Lawformer: A Pre-trained LLM for Chinese Legal Long Documents
The paper introduces Lawformer, a Longformer-based pre-trained LLM designed for the Chinese legal domain, particularly for understanding long legal documents. Lawformer addresses the challenge in LegalAI, where legal documents typically exceed the token limit of mainstream pre-trained LLMs such as BERT and RoBERTa.
Motivation and Model Design
LegalAI leverages AI technologies, notably NLP, to enhance legal systems' efficiency. Given the complexity and length of legal documents, traditional PLMs, which excel in generic domains, fail to perform adequately on legal texts that extend beyond their processing capacities. Lawformer uses a combination of local sliding window attention and global task-driven full attention to manage these long sequences efficiently. This architecture allows for linear time complexity in processing sequences, compared to the quadratic complexity of full self-attention generally used in transformers.
Pre-training and Model Evaluation
Lawformer is pre-trained on a vast collection of Chinese criminal and civil case documents. The authors utilize the masked LLMing objective to fine-tune the model from the RoBERTa base, adapting it to legal content. The pre-training process involved extensive datasets, processed to align with the real-world distribution of legal texts.

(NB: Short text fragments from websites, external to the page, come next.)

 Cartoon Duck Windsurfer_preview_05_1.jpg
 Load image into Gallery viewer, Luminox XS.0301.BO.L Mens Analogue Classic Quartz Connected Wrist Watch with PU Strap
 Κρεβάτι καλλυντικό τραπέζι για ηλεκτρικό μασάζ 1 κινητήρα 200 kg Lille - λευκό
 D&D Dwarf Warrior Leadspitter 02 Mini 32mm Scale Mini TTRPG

The model is evaluated on multiple LegalAI tasks:
- Judgment Prediction: Utilizing newly constructed datasets, Lawformer shows superior performance, especially in representing long distanced context critical for accurate predictions.

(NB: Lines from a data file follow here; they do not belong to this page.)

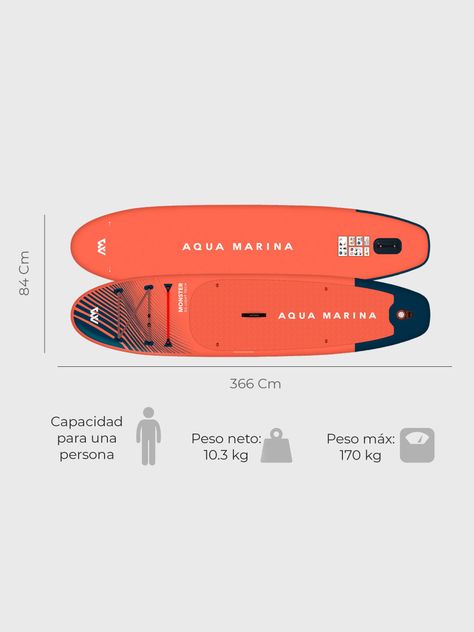 Stand Up Paddle Inflable Monster SUP Aqua Marina-2
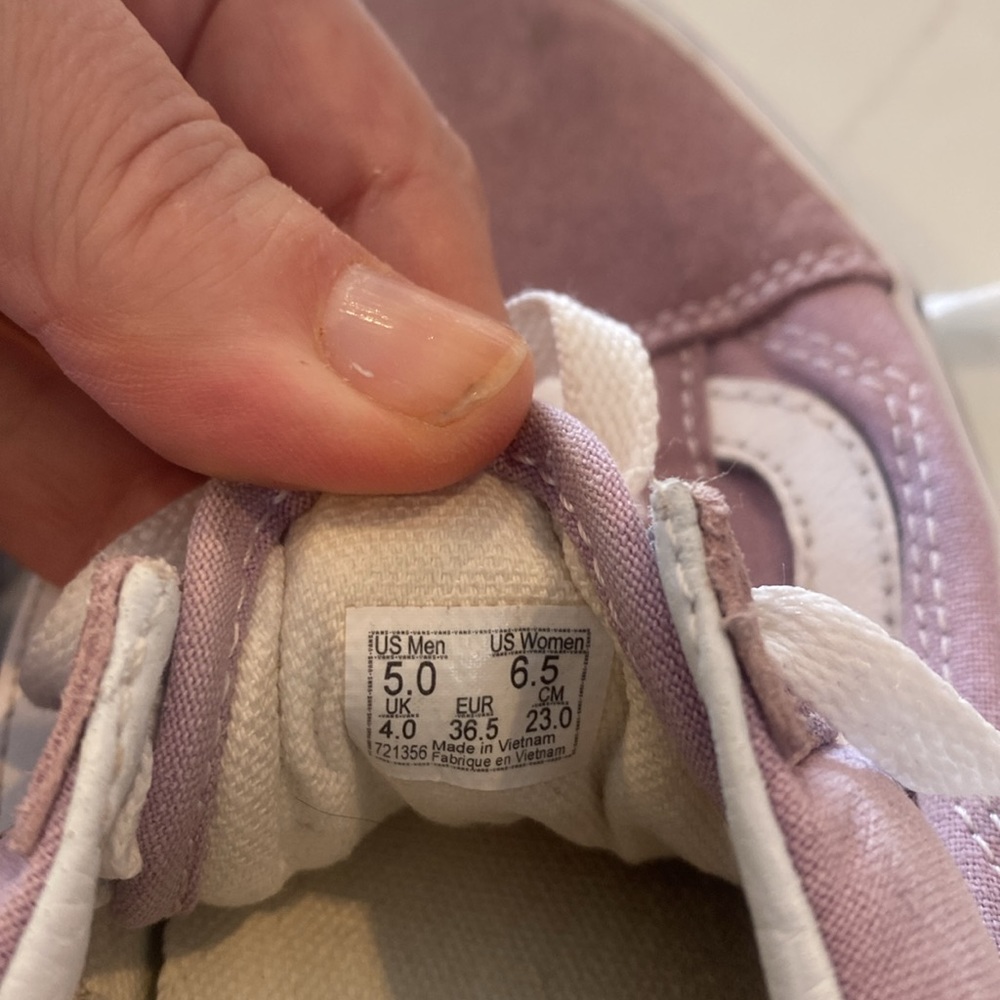 Vans pink Women’s size 5 - Picture 6 of 6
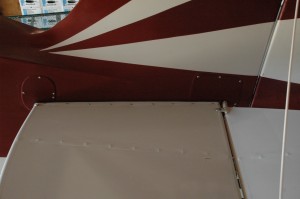 These pictures are for documenting the access panels in the tail.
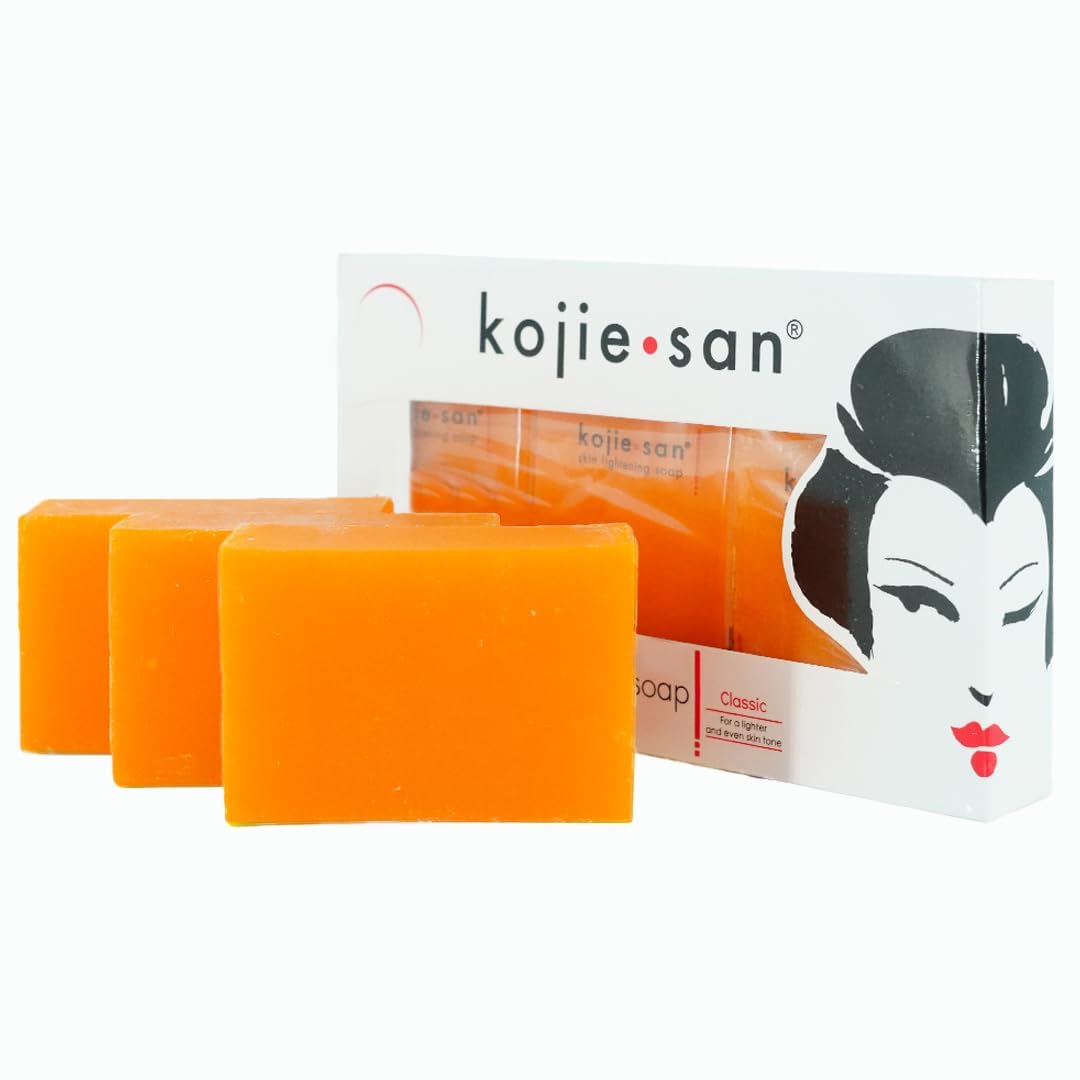 White Smoke Kojie San Skin and Body Soap – Original Kojic Acid, Soap Bar with Coconut & Tea Tree Oil – 3 x 65g Bars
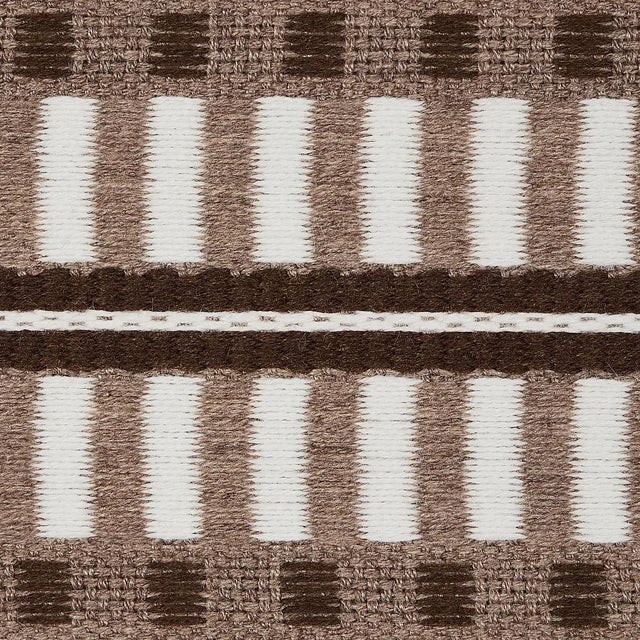 Contemporary Sample - Schumacher Jacobsen Tape Indoor/Outdoor in Neutral For Sale - Image 3 of 4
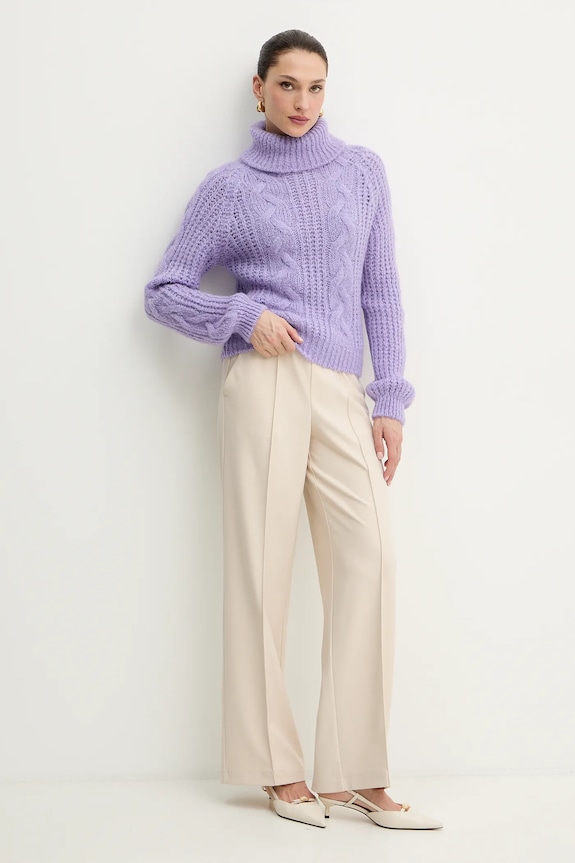 Morgan pulover din amestec de lână de alpaca MPALMA violet SS26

- Legal Case Retrieval: Lawformer outperforms traditional models on the LeCaRD dataset, showcasing its capability to retrieve relevant case documents with thousands of tokens.
- Reading Comprehension: On the CJRC dataset, Lawformer exhibits performance gains attributed to its in-domain adaptation, albeit close results with models pre-trained on non-legal corpora.
- Question Answering: Evaluated on the JEC-QA dataset, Lawformer demonstrates notable improvements, attributed to its sophisticated reasoning capabilities over extensive legal texts.
Implications and Future Work
The introduction of Lawformer significantly advances LegalAI by enabling the processing and understanding of long legal documents, a previously daunting challenge. The paper also provides a robust framework for future adaptation of large pre-trained models to domain-specific requirements, illustrating the potential of extended context learning.
The authors suggest further exploration in knowledge-augmented legal pre-training and generative models for legal tasks, aiming to embed legal reasoning and domain-specific knowledge more effectively. Such efforts may transform the operational landscape of legal practices by automating and enhancing document comprehension and case analysis.
In conclusion, Lawformer marks an important step in bridging the gap between general NLP advances and domain-specific applications, particularly in the legal sector. This work paves the way for developing more nuanced, context-aware LLMs tailored to domain-specific challenges.